The idea of חתימה, of being sealed for a good year, is one whose meaning is obvious, but whose practical aspects are almost entirely lost in our day and age. The phrase גמר חתימה טובה, the hope that a person’s year and fate be sealed for the good, is a dead metaphor, one where the meaning is understood but the link to the behavior that inspired the metaphor has been severed. Ideally, a metaphor calls to mind both parts of the comparison at the same time; when Homer describes the “wine dark sea,” the audience sees the image of the waves as heavy and opaque as good red wine. Once a metaphor is dead, however, it no longer calls to mind the second half of the comparison. When we talk about the hands of a clock, we do not have in mind the comparison to human hands pointing out information even though that is the goal of the metaphor. We understand that the hands are the part that show the time, but the specific experience of pointing fingers is lost.

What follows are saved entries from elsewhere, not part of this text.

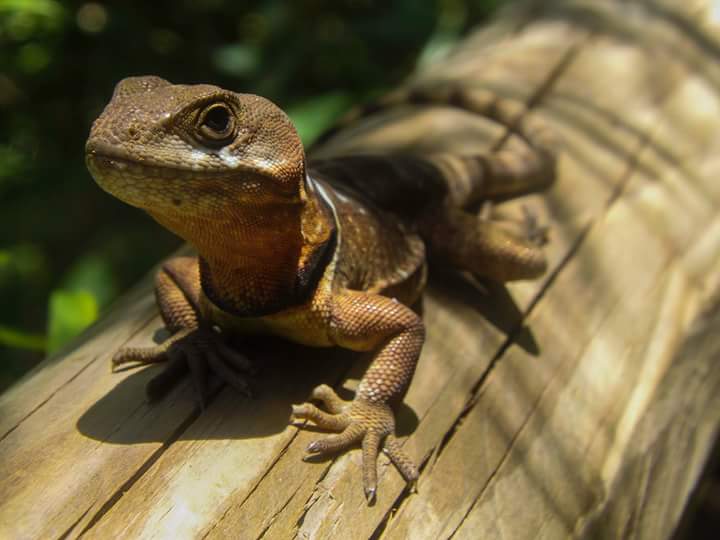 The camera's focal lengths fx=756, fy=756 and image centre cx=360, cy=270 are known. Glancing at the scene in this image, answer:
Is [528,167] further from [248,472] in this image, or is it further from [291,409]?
[248,472]

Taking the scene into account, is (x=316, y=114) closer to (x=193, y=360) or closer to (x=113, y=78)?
(x=113, y=78)

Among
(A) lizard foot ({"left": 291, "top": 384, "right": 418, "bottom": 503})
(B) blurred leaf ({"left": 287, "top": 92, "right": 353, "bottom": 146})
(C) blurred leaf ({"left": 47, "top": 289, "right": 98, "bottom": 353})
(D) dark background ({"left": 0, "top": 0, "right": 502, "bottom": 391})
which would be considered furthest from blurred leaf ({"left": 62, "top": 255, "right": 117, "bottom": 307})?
(A) lizard foot ({"left": 291, "top": 384, "right": 418, "bottom": 503})

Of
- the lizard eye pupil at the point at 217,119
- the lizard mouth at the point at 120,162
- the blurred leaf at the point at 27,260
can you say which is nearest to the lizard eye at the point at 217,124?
the lizard eye pupil at the point at 217,119

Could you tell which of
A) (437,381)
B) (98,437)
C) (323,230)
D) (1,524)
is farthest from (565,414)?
(1,524)

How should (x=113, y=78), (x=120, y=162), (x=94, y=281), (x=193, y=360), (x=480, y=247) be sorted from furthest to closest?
(x=113, y=78), (x=94, y=281), (x=480, y=247), (x=193, y=360), (x=120, y=162)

So too, when we say גמר חתימה טובה, we do not usually think about the act of sealing and what it means.
So what is the connotation behind being sealed for the book of life? What happens when a letter is sealed? In the story of Purim, the decrees sealed with the king’s signet ring are inviolate and cannot be rescinded. So too, when our decrees are, so to speak, sealed with God’s signet ring, they too cannot change. A letter that has been sealed cannot be tampered with without leaving evidence, and the seal itself is personal to the sealer. Sealing meant the words were safe or protected. It meant the letter was truly final. And the seal in the wax spoke to the authenticity of the sender. So in the process of imagining how to translate what happens on Rosh Hashana and Yom Kippur into language more accessible to humans, the metaphor of the king and his seal is extremely helpful. To wish for ourselves and our friends to be sealed in the book of life would have been to imagine our fates secured, solely in the hands of God, and unable to change. Once we are sealed for life, we are safe.

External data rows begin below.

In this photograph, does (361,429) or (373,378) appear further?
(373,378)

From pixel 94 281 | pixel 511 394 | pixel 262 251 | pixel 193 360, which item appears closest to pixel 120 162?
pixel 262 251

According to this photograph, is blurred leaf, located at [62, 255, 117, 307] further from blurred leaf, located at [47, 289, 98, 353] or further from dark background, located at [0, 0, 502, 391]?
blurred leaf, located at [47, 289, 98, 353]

The downside of such a metaphor is, as I discovered as a young child, that most of us in the 21st century do not have these associations any more. When I was in elementary school, I remember my teachers explaining בראש השנה יכתבון וביום צום כיפור יחתמון, on Rosh Hashana it is written and on the fast of Yom Kippur it is sealed, as follows: on Rosh Hashana our fates are written in pencil and on Yom Kippur they are written in pen. In the days when we were not allowed to use ink in the classroom lest we write down a mistake and be unable to correct it, writing with a pen was serious business. Nowadays, perhaps the most accessible metaphor is that the email of our fate is drafted on Rosh Hashana and sent on Yom Kippur. There is a significant transition that happens as the words move from amorphous ideas in our minds to typed characters on the screen, but that is far less momentous than the transition from unsent to sent. An email once sent cannot be unsent. Our fate is sealed, typos and all. The sent email is like the command in the Purim story once it was sealed by the ring of the king.
In fact, l think the association between sealing and monarchy - מלכות - is an integral part of the greeting. The very fact that the ritual is somewhat archaic and evokes the image of majesty and binding decrees is what gives it power. Perhaps even more so, in the era where the mail is primarily used for bills, advertisements, and birthday cards, the sealed decree stands out in our mind. It is meant to remind us of מלכנו, our Monarch, to whom we direct our prayers. To put it another way, חתימה implies a חותם, a sealer of our fate whose mark is on our lives.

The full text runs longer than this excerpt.